Distributed Memory Parallel Programs
Programs using distributed-memory parallelism can run on multiple nodes. They consist of independent processes that communicate through a library, usually the Message Passing Interface MPI.
Building and Running MPI Programs
MPI is an external library. It must be built for the compiler with which it will be used. We provide compiled versions of MPI for gcc and NVHPC. For Intel we recommend using the vendor’s IntelMPI.

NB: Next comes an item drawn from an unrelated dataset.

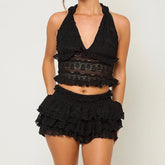Lace Tie-up Halter Open Back Cami Tops And Mini Layered Skirt Set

OpenMPI with gcc and NVHPC
module load gcc
Or
module load nvhpc
Follow this with
module load openmpi
Compile and link your code with the wrappers
mpiccfor Cmpicxxfor C++mpif90for Fortran
The wrappers insert the appropriate header/module paths and library paths, and also the correct libraries to link. You do not add them explicitly.
IntelMPI with Intel
module load intel
Use the wrappers
mpiicxfor Cmpiicpxfor C++mpiifxfor Fortran
Running MPI Programs
MPI programs must be run under the control of an executor program. Usually this is called mpirun or mpiexec, but when submitting to SLURM we must use mpirun for OpenMPI and srun for IntelMPI. The executor must be told how many processes to start, and if on more than one host the list of host IDs must be provided. On a local system this is controlled by command-line options to mpirun, e.g.
mpirun -np 8 ./mympicode
However, on Slurm the provided MPI executors obtain the number of processes and the hostlist directly from the job assignments. Do not specify them on the command line.
#Intel
srun ./mympicode
#OpenMPI
mpirun ./mympicode
To request resources through Slurm for an MPI program, use the following directives
#SBATCH -N NN
#SBATCH --ntasks-per-node=NT
where NN is the number of nodes and NT is the number of tasks (processes) to run on each node. The total number of processes will be NN*NT.
Exercise
Copy the file mpihello.c or mpihello.f90 from /share/resources/tutorials/compilers. C++ programmers please note: the C++ bindings are deprecated in MPI, we just use the C routines.
Load the appropriate module for the compiler you are using.
Build the code with the appropriate wrapper.
You can run a quick test on the frontend with 4 cores. You do not need a hostfile if all processes are on one node.
Write a SLURM script using srun to run the program. Submit to the parallel partition for testing, using at least two nodes.